Prequel: Data Thoughts

(Written May 2017)

Data driven decision-making
is the buzz phrase in government and with all the ‘big data’ available it has great potential to improve outcomes. But I don’t think most people have a good idea about what it means in practice or how to understand its limits.

The irony is that I studied pure math in college because I wanted absolutes and to find a kind of truth. I loved proofs, because there is an indisputable answer. And now I spend my days wading around in data, which is all some amounts of wrong, and trying to figure out how to best use it to guide decisions.

Here are a few overly simplistic conclusions I have drawn from my team’s work over the past two years.

Data isn’t clean
There is a tendency to think numbers are true, but in reality they are estimates. The challenge is figuring out how close of estimates and how to make them closer. Often the data we have isn’t being generated to measure the thing we want to measure; it is a byproduct of a different process we are trying to recycle.

We constantly have what we call ‘data mysteries.’ This is when common sense makes us think the data is missing or wrong, and we have to figure out the cause of the problem. Maybe there are software problems. Or we miscoded something along the way. Or the data just isn’t being collected in the way we thought.

Context is critical
Making information out of data requires a lot of context. We can’t find the problems with the data without knowing how the data was collected and the directions of possible errors. We need to know external variables that could be causing change.

We need to understand the problem we are trying to solve so we can identity the best datasets and types of analysis to answer that question. This determines the exact variable, the levels of aggregation, the timeframe for the dataset, and any number of other factors.

Lastly, the results require context. We might say that approximately 34% of trips won’t be impacted, but this will require four footnotes to explain the exact conditions under which we think this to be accurate.

Data analysis isn’t linear
It would be nice if the process went something like: define a problem, find clean data, analyze it, propose best solution. But it isn’t a linear process. Sometimes we find data and play around with it to see if it can tell us something interesting. Other times we have a problem and we don’t have data, so we try to collect some or find something that might approximate it. Often there is already a proposed solution and we are trying to check the impacts.

Analysis is a maze (if not, you are probably presupposing the answer). We are constantly making the best guess of which pathway to take, running into dead ends, finding data problems, and when we arrive at an answer it is likely only one of many paths. We can hope that no matter what path we took that the general conclusions would be the same; but, depending on the dataset, it isn’t a guarantee.

analysis maze

The results aren’t static
Just like writing there are drafts, but eventually we declare it good enough. And often there are mistakes. New data shows up which points out a problem with our original dataset. We figure out a new method. We realize we missed something or made a formula error.

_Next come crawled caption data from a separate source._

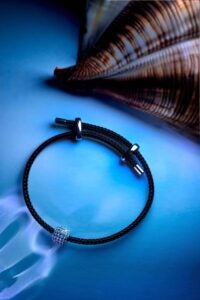 Sliver Ocean Charm Bracelet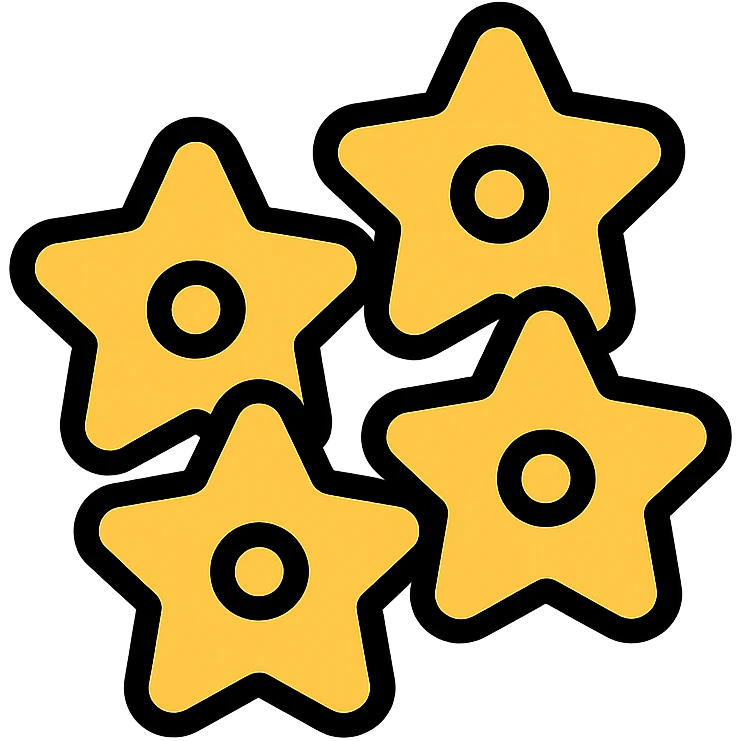 color outline icon of stelline pasta emoji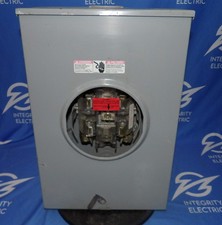 Siemens 9804-8592 600 VAC 200 Amp 3-Phase Meter Socket Panel + 1 Year Warranty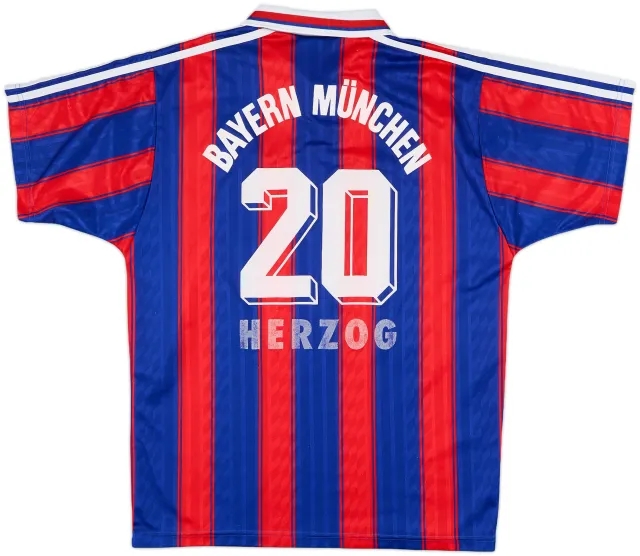 1995-97 Bayern Munich Home Shirt Herzog #20 - 5/10 - (S)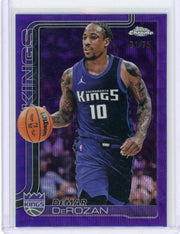 DeMar DeRozan 2025 Topps Chrome Purple Wave Refractor #'d 31/75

We can hope we are at least asymptotically approaching ‘the answer.’ But we need room to get there. Being honest about data requires forgiveness.

Data isn’t everything
Our understanding of problems to be solved shouldn’t be limited by the data we have. And just because we have data on something doesn’t mean there is a problem to be solved with it.

For example, it is easier to estimate people’s wait times on subway platforms than at bus stops. But that doesn’t mean subway wait time reliability is more important than bus. Qualitative data (aka actually talking to people) is critical to finding problems and solutions.

We have all sorts of systems that generate millions of records of data a day. But the existence of data doesn’t eliminate the need to have a conversation about whether/how we should be using it.

Data literacy
Data does have the power to help governments to make better decisions. We can measure impacts of policy decisions. We can disprove conventional wisdom. The results can change (and improve) outcomes. In order to have this impact, decision-makers, members of the public, and journalists all need to be better data consumers.

This means reading the warning labels that come with a dataset to understand the context. It means appreciating all of the complexities and uncertainty in the process. It means allowing the time and space to find mistakes. But most of all, it means being open-minded and not allowing our implicit assumptions to overwhelm our curiosity about what the data can tell us.

Data is not a truth, it is very messy. But acknowledging and appreciating the mess makes the analysis far more likely to be accurate in the end.